-- Required work --
Omit the pictures while printing every entry below exactly as given.

(Captioned web image data)

════════════════

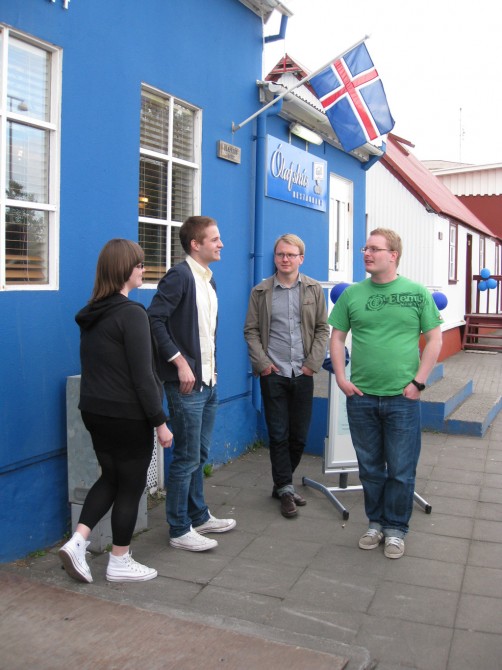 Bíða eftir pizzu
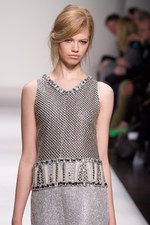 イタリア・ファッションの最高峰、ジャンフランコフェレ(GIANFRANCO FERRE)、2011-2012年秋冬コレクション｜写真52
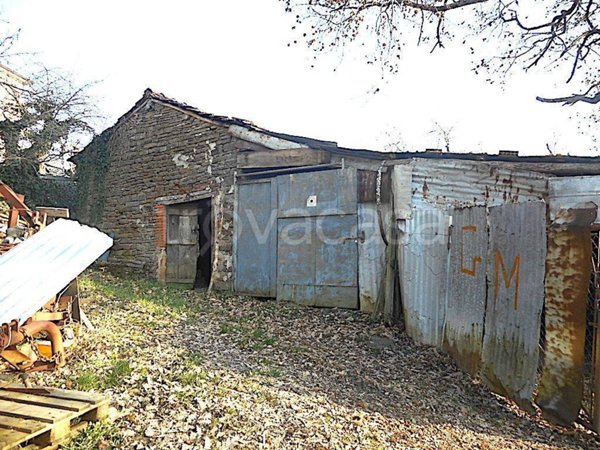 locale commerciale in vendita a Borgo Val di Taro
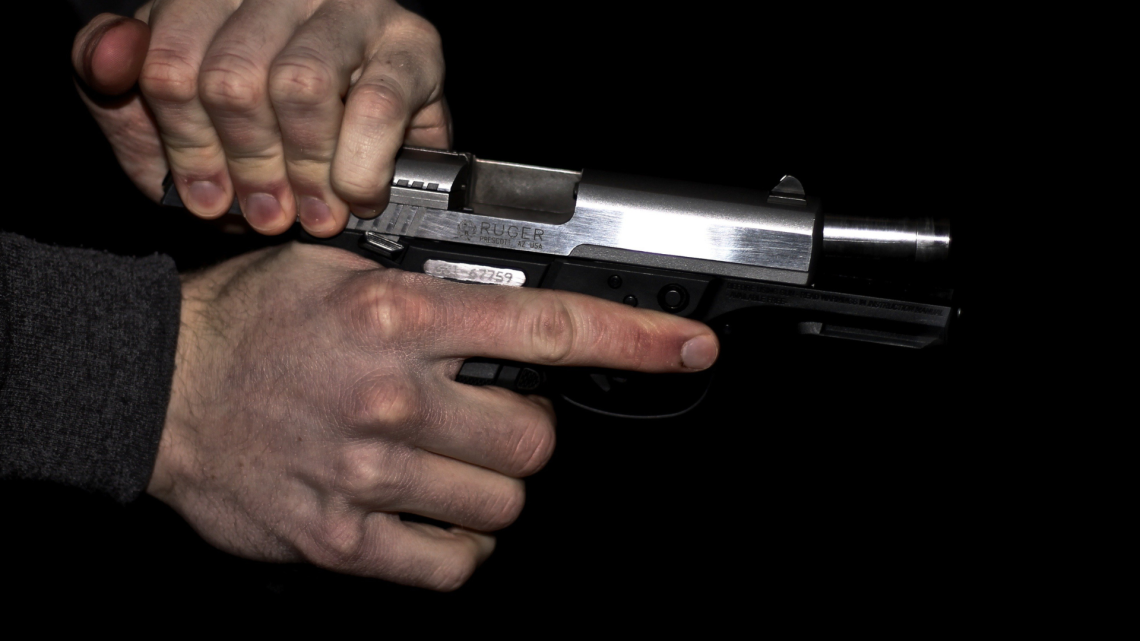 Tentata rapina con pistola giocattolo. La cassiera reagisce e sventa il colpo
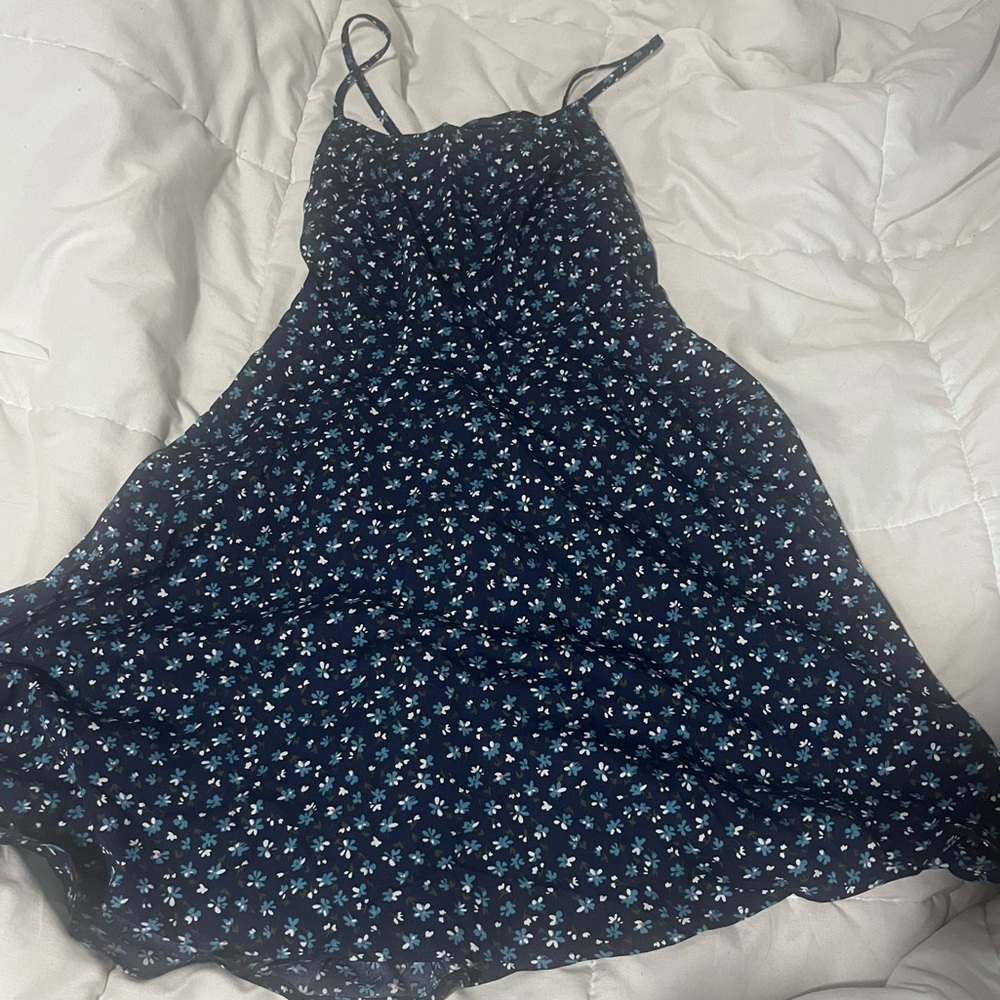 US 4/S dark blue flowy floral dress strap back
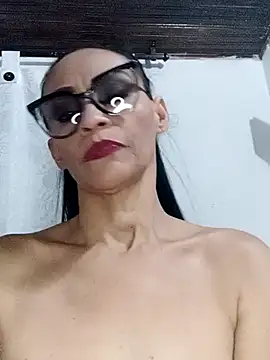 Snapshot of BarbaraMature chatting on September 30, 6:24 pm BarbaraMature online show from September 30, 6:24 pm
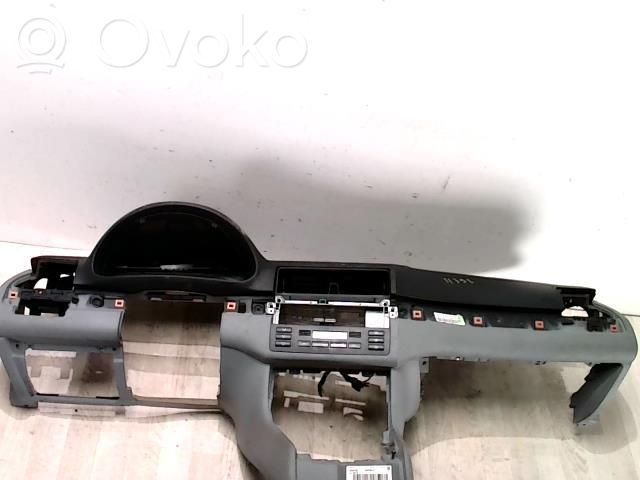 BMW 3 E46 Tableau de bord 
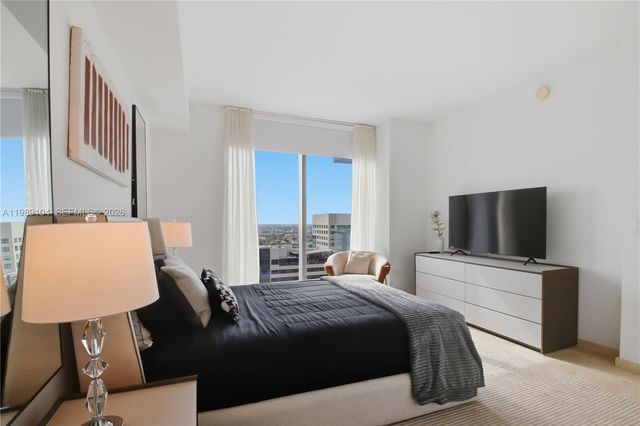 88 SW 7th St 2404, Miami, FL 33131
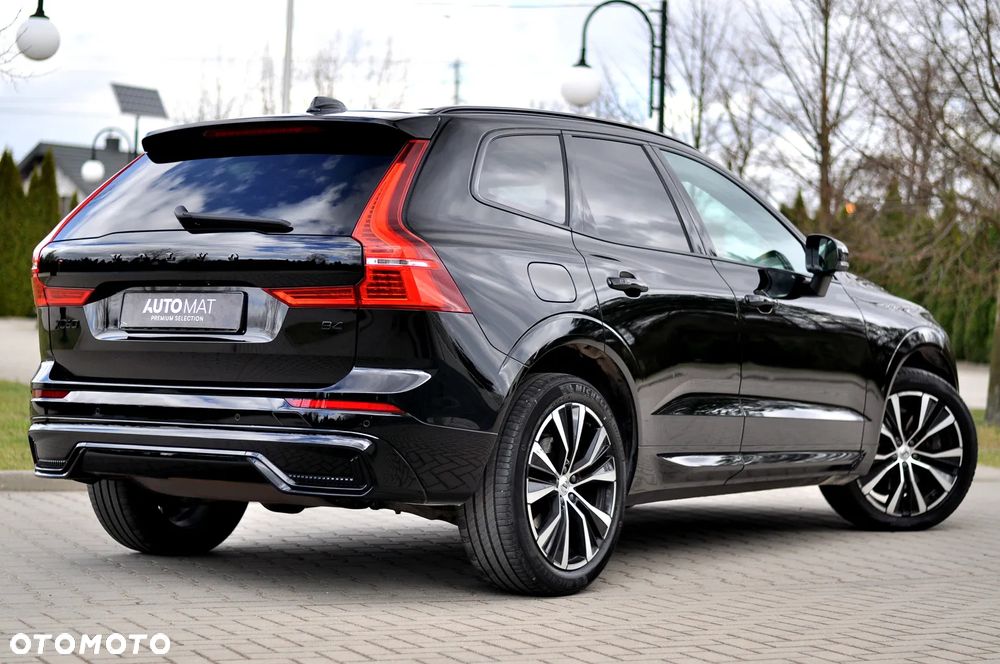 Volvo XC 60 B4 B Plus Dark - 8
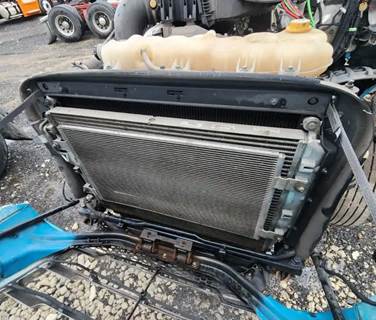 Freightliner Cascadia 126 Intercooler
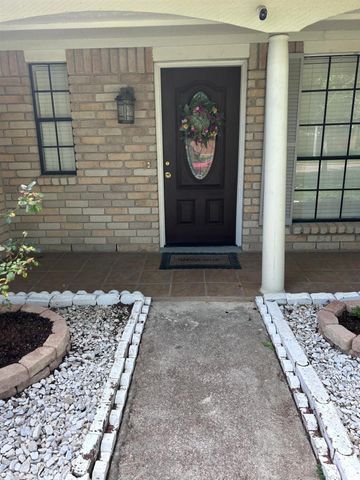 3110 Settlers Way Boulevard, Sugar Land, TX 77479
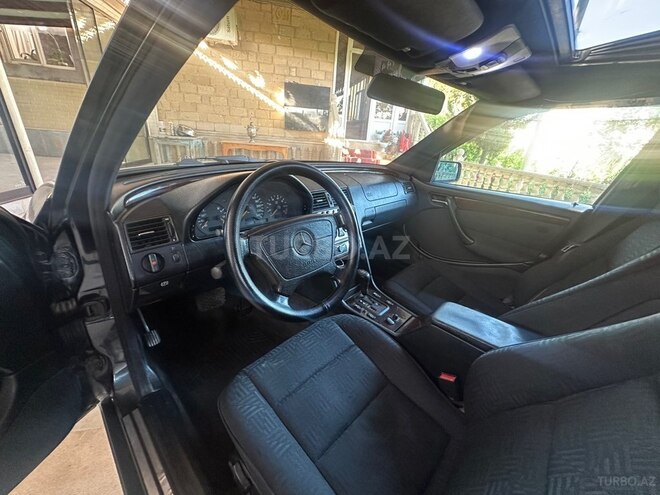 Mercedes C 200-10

════════════════

-- Answer for the task --
 Bíða eftir pizzu
 イタリア・ファッションの最高峰、ジャンフランコフェレ(GIANFRANCO FERRE)、2011-2012年秋冬コレクション｜写真52
 locale commerciale in vendita a Borgo Val di Taro
 Tentata rapina con pistola giocattolo. La cassiera reagisce e sventa il colpo
 US 4/S dark blue flowy floral dress strap back
 Snapshot of BarbaraMature chatting on September 30, 6:24 pm BarbaraMature online show from September 30, 6:24 pm
 BMW 3 E46 Tableau de bord 
 88 SW 7th St 2404, Miami, FL 33131
 Volvo XC 60 B4 B Plus Dark - 8
 Freightliner Cascadia 126 Intercooler
 3110 Settlers Way Boulevard, Sugar Land, TX 77479
 Mercedes C 200-10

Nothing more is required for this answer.